- Assignment: Word for word, set down every line of the entries below from the line with "BVLGARI（ベルト ・ ベージュ系）のフリマアイテム一覧" to the line with "Gereja Pentakosta Indonesia, Author: Maria", including both, and no other line.

- Material for the task:
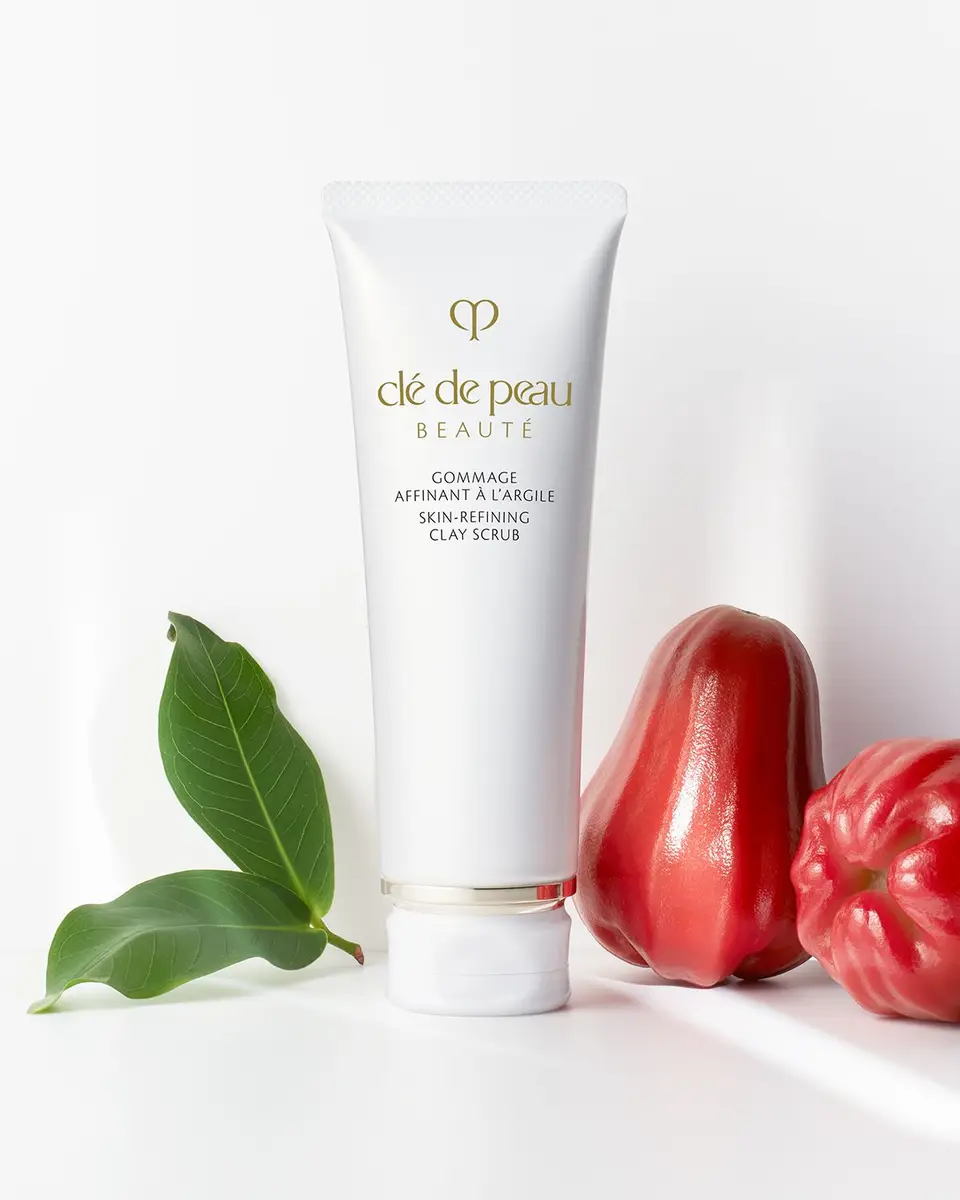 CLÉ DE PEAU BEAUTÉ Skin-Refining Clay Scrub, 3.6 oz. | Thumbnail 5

--

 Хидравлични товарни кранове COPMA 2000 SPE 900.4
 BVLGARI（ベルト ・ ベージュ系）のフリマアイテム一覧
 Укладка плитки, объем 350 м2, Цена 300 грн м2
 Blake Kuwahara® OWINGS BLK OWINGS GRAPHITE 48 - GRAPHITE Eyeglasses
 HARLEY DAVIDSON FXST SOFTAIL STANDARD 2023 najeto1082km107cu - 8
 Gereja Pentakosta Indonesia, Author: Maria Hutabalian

- Answer space:
 BVLGARI（ベルト ・ ベージュ系）のフリマアイテム一覧
 Укладка плитки, объем 350 м2, Цена 300 грн м2
 Blake Kuwahara® OWINGS BLK OWINGS GRAPHITE 48 - GRAPHITE Eyeglasses
 HARLEY DAVIDSON FXST SOFTAIL STANDARD 2023 najeto1082km107cu - 8
 Gereja Pentakosta Indonesia, Author: Maria Hutabalian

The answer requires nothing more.